How about you? Do you just want an intellectual knowledge about God and conversations with God? Or perhaps a deeper experience of relationship? 

Sometimes we are way too much into head and way too little into heart (soul).

Deliver Us From Evil

November 17, 2023

…Deliver us from evil (or deliver us from the evil one). — Jesus on prayer

I was in high school thinking through my newfound stance on pacifism encouraged by my reading of the words of Jesus. I have a fuzzy memory of sitting on the front porch of the house of a couple of girls I knew. Probably I was there to talk to one of them. But I was a socially awkward geek. My memories are of talking with their mother. She asked pointed questions probing the various ramifications of a pacifistic life orientation. We had to my mind great and meaningful conversations. 

Some who adopt an orientation toward peace forget that Jesus tells us, as if we couldn’t figure it out on our own, that evil exists.

He told us to ask God to deliver us from the grasp of evil.

Most of us can manage to wander through life without coming face-to-face with evil. That is a blessing. Many cannot. It can intrude at the most unexpected times and places. Maybe from friends and neighbors we have known for years.
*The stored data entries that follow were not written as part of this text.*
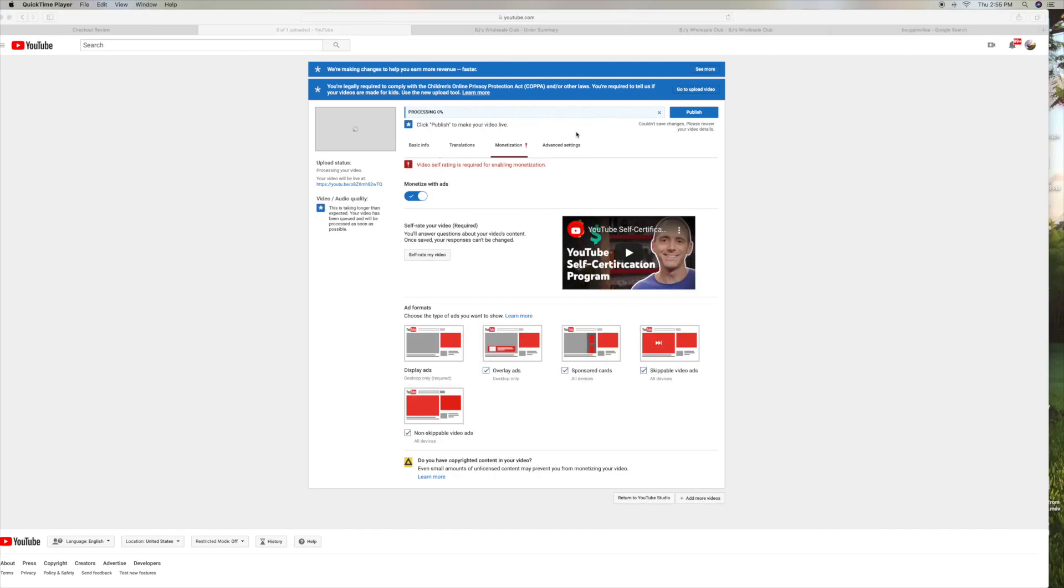So now you're going to notice that it's processing, but I've got this warning here. It says video self-rating is required for enabling monetization.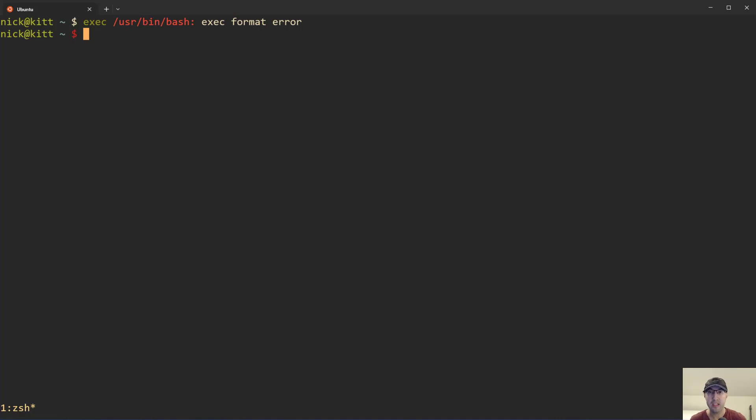Hey there, Nick Jatakis here. In this video, we're going to go over how to troubleshoot an exec format error when running a Docker container.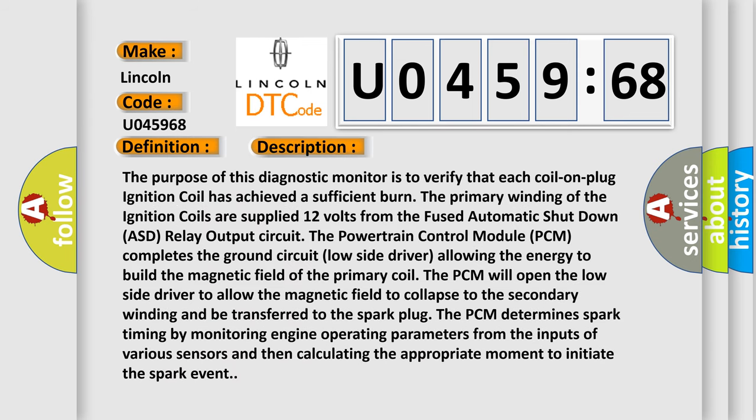The purpose of this diagnostic monitor is to verify that each coil-on-plug ignition coil has achieved a sufficient burn. The primary winding of the ignition coils are supplied 12 volts from the fused automatic shutdown ASD relay output circuit. The powertrain control module PCM completes the ground circuit low side driver, allowing the energy to build the magnetic field of the primary coil. The PCM will open the low side driver to allow the magnetic field to collapse to the secondary winding and be transferred to the spark plug. The PCM determines spark timing by monitoring engine operating parameters from the inputs of various sensors and then calculating the appropriate moment to initiate the spark event.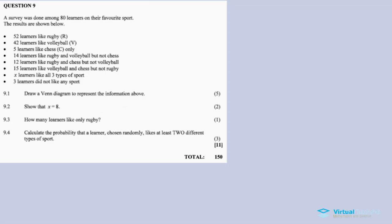In this video, it is obviously focused on probability. It is a topic centered around question 9, the last question in November 2017 Mathematics Paper 1 question paper. In the description below, you'll also find links for other questions.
We can debate theology, but that leads nowhere. The foundation question concerns how we respond. Do we let evil become our master and respond to evil with evil? 

Maybe we allow God to deliver us—maybe by providing the extra strength we need to confront evil and conquer it.

When we are living with God perhaps we are infused with trust that we can respond to each situation as God would have us—seek peace, confront with strength. And also ask for discernment so that we don’t mistake someone’s angst for evil and respond wrongly.

Thinking About Thinking About Prayer

October 16, 2023

I remember in my youth when Janis Joplin sang, “Oh, Lord, won’t you buy me a Mercedes Benz.”

Are our prayers a variation on that theme? Asking for something from the big vending machine in the sky?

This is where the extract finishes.